[Task details] Look through the material below and return every line that contains "Faux".

[Records]
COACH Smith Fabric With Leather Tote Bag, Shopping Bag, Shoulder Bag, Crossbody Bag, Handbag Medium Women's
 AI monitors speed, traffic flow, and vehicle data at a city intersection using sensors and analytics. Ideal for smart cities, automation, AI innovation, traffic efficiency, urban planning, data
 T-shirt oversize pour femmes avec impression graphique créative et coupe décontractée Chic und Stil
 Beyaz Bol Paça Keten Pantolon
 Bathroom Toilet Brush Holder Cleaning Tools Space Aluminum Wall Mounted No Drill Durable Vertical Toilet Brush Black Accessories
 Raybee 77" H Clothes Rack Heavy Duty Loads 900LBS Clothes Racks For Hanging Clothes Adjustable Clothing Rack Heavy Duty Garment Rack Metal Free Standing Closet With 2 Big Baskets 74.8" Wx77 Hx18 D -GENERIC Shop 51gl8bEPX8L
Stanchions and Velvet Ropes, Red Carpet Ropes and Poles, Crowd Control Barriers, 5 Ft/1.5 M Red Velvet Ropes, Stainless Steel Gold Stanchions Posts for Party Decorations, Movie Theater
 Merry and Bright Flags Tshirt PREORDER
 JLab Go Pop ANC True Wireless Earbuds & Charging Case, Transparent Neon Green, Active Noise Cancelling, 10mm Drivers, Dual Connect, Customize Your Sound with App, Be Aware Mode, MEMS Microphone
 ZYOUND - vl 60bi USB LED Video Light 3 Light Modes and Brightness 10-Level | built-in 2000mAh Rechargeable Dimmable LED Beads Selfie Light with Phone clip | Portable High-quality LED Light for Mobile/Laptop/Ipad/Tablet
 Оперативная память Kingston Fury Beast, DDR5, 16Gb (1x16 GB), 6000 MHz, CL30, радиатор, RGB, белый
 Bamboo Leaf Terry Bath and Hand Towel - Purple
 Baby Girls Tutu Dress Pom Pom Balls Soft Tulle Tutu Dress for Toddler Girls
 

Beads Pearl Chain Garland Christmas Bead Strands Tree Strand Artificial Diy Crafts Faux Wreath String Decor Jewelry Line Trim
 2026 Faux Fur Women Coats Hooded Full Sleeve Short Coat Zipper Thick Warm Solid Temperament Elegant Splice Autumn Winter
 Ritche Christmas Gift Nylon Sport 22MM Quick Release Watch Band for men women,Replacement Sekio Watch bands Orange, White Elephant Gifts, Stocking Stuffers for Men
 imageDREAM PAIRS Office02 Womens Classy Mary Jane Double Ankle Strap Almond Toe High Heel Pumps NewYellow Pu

[Written answer]
Beads Pearl Chain Garland Christmas Bead Strands Tree Strand Artificial Diy Crafts Faux Wreath String Decor Jewelry Line Trim
 2026 Faux Fur Women Coats Hooded Full Sleeve Short Coat Zipper Thick Warm Solid Temperament Elegant Splice Autumn Winter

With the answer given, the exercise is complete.